» PROBLEM TO SOLVE: Could you give back every record below exactly, leaving out the pictures?

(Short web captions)
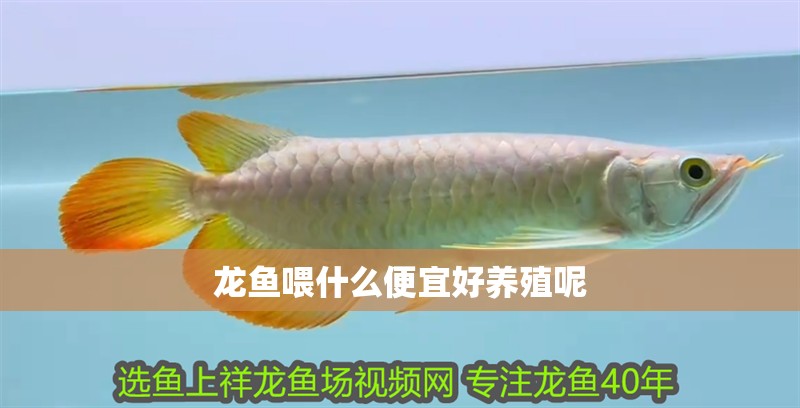 龍魚喂什么便宜好養(yǎng)殖呢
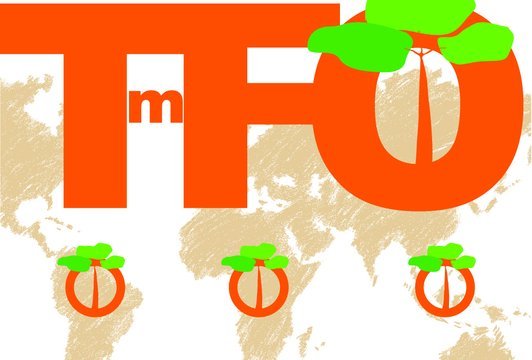 TmFO is a pan-tropical network working to increase our understanding of the long term effects of logging on tropical forest ecosystems.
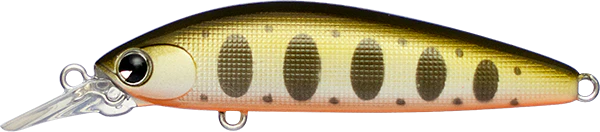 Sukari Ghost 50 - Image 4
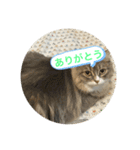 まるみるスタンプ1（個別スタンプ：7）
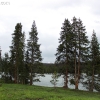 yellowstone_4863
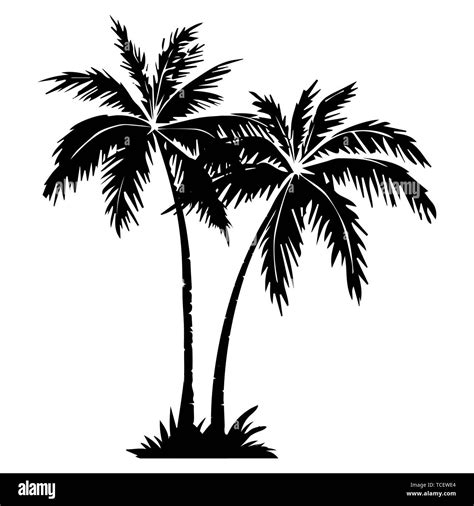 a black and white silhouette of two palm trees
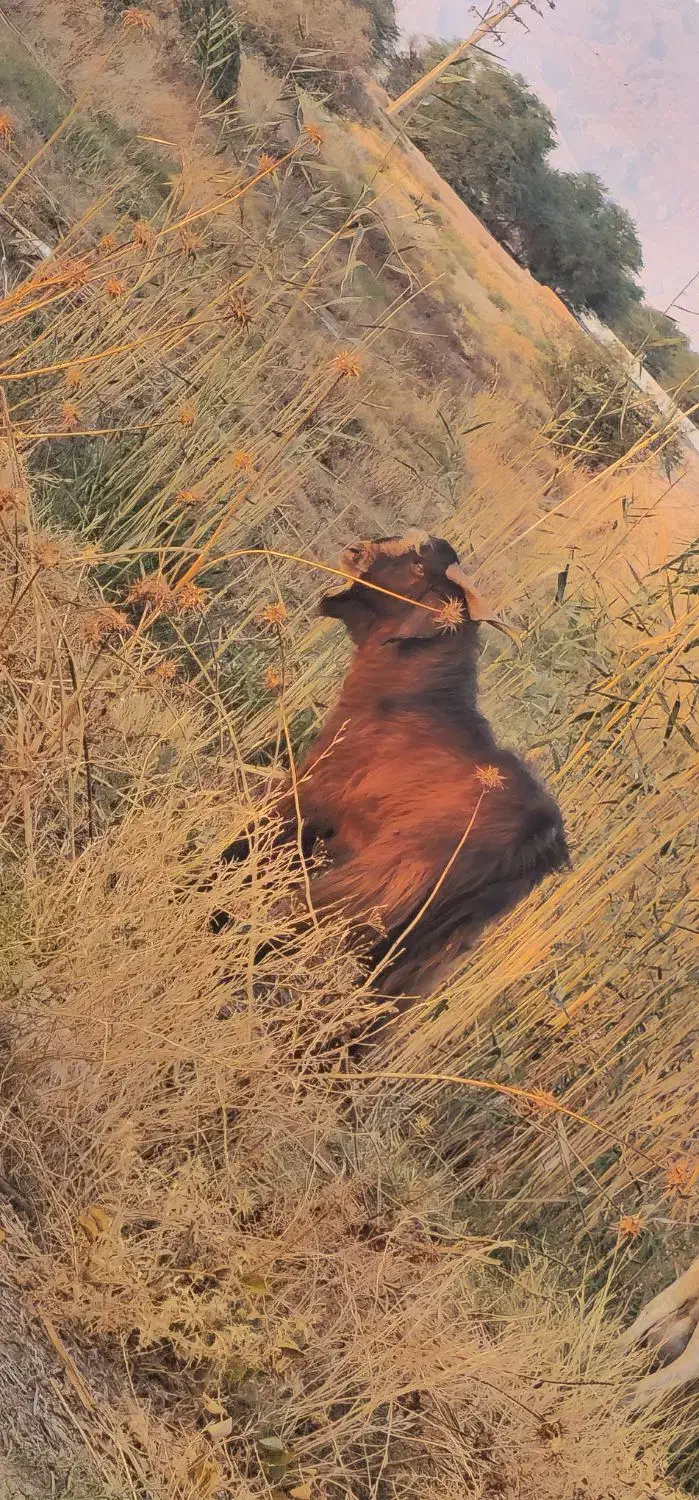 فروش حیوانات|حیوانات مزرعه|دهلران, |دیوار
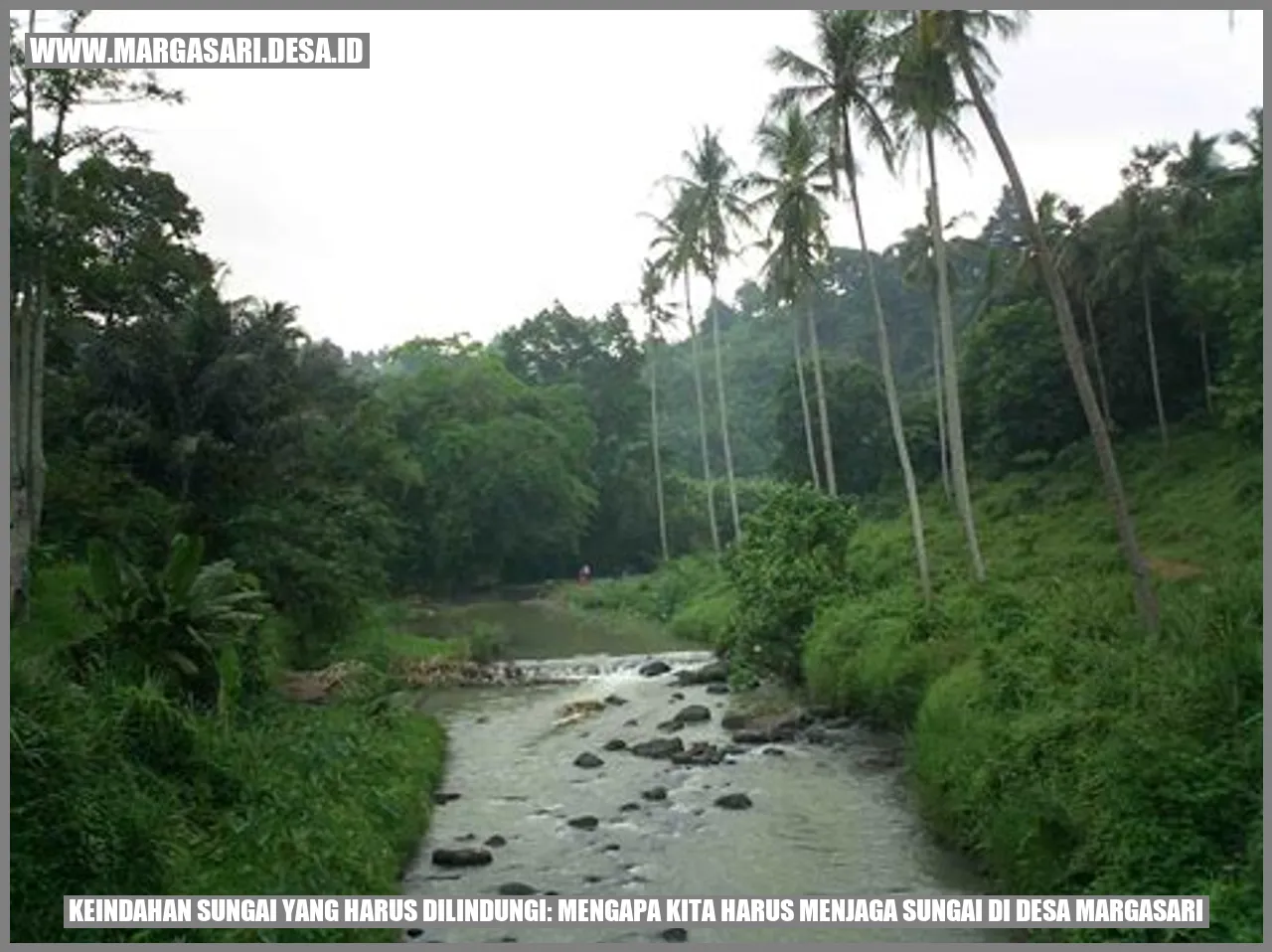 Keindahan Sungai yang Harus Dilindungi: Mengapa Kita Harus Menjaga Sungai di Desa Margasari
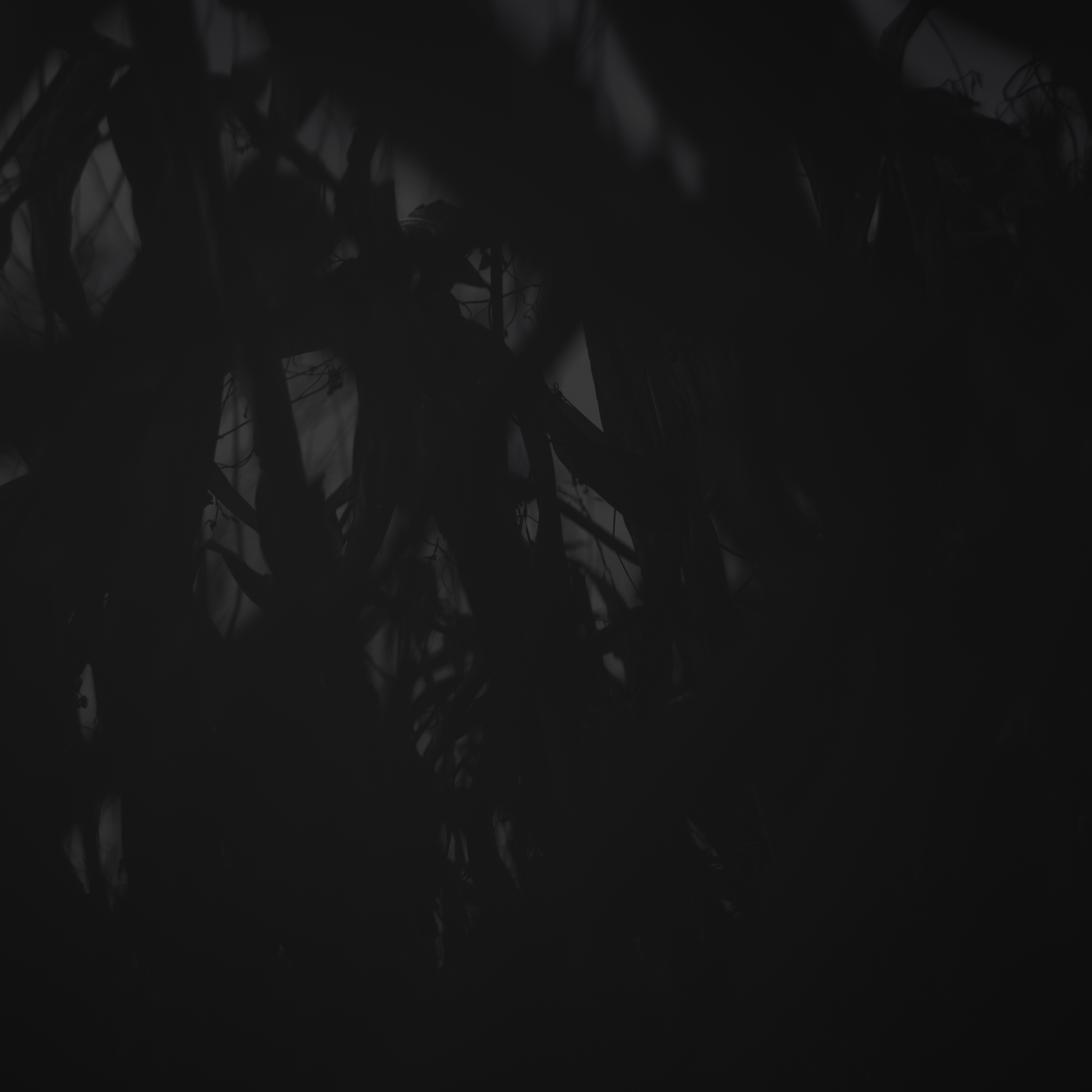 忻州 12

» ANSWER:
 龍魚喂什么便宜好養(yǎng)殖呢
 TmFO is a pan-tropical network working to increase our understanding of the long term effects of logging on tropical forest ecosystems.
 Sukari Ghost 50 - Image 4
 まるみるスタンプ1（個別スタンプ：7）
 yellowstone_4863
 a black and white silhouette of two palm trees
 فروش حیوانات|حیوانات مزرعه|دهلران, |دیوار
 Keindahan Sungai yang Harus Dilindungi: Mengapa Kita Harus Menjaga Sungai di Desa Margasari
 忻州 12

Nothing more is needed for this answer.